Mr. Zaltsman said that federal regulations require federal actions to be consistent with how states regulate their coastal areas—in this case, with the county’s Local Coastal Program. “We believe that changes would need to be consistent with the L.C.P.,” he said. The lawsuit “pretty much did not even mention it.”
Though no one spoke in support of the lawsuit, one person—Gordon Bennett—cautioned against intervention. He said he agreed with “almost everything” that had been said, but that there were less “aggressive” ways to be helpful.
“I know the environmental community and the ranching community are going to have differences,” Mr. Bennett said. “That’s not unexpected. But at this stage we have an agreement in principle that’s really important to keep. To the extent you can help the park service without disturbing the agreement and principle, and letting us continue to work together and build trust, that would be much appreciated."

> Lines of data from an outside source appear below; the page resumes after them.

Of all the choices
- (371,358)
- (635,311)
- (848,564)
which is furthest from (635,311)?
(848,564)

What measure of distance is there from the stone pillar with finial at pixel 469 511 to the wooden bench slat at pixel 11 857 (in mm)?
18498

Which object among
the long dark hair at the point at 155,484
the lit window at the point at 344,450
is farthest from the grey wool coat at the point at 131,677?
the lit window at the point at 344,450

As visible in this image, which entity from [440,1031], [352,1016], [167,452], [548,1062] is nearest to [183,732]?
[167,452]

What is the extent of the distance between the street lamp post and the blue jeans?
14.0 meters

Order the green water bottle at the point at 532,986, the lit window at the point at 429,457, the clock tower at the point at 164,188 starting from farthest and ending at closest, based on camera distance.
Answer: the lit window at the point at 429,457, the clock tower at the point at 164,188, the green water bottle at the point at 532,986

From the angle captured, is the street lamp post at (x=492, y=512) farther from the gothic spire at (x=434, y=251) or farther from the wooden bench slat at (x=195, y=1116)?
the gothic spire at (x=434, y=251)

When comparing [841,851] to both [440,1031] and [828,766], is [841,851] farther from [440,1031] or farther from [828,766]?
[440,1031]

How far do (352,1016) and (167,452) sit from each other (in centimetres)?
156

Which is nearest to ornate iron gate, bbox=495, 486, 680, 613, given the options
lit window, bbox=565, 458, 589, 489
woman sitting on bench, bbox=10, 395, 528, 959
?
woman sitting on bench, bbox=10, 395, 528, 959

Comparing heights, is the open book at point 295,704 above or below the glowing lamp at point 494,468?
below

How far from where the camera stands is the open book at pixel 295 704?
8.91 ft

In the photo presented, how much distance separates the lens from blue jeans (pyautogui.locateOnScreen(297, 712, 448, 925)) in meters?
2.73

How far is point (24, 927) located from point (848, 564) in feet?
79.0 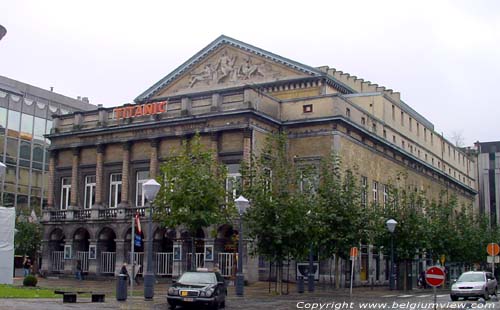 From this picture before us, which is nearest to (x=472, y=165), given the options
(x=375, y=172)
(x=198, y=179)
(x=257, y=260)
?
(x=375, y=172)

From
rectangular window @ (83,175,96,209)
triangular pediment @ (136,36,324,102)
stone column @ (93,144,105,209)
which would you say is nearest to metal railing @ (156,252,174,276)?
stone column @ (93,144,105,209)

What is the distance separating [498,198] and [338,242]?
3148 inches

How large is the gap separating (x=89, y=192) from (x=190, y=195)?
1062 inches

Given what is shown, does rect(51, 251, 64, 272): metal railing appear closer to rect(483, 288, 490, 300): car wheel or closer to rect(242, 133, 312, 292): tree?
rect(242, 133, 312, 292): tree

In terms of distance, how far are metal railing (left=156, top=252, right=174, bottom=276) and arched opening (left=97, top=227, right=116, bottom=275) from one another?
173 inches

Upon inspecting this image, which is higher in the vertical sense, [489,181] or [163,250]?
[489,181]

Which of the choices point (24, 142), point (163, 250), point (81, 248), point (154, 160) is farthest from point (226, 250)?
point (24, 142)

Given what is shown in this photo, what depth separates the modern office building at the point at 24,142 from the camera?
83.7 m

After public comments, every supervisor voiced support for the seashore ranches. “I think this is a no-brainer that we would be involved,” said Supervisor Katie Rice. “Through county policy and programs and land-use plans, overtly and with strong intention, we have sent signals and taken action…that supports our commitment to the agricultural community and our commitment to continuing the viability of the ag industry. You need a critical mass of ranchers in Marin [in order to] have a viable industry. When we start to erode that critical mass, it will spell the end, I suspect, for the broader ag industry in Marin.”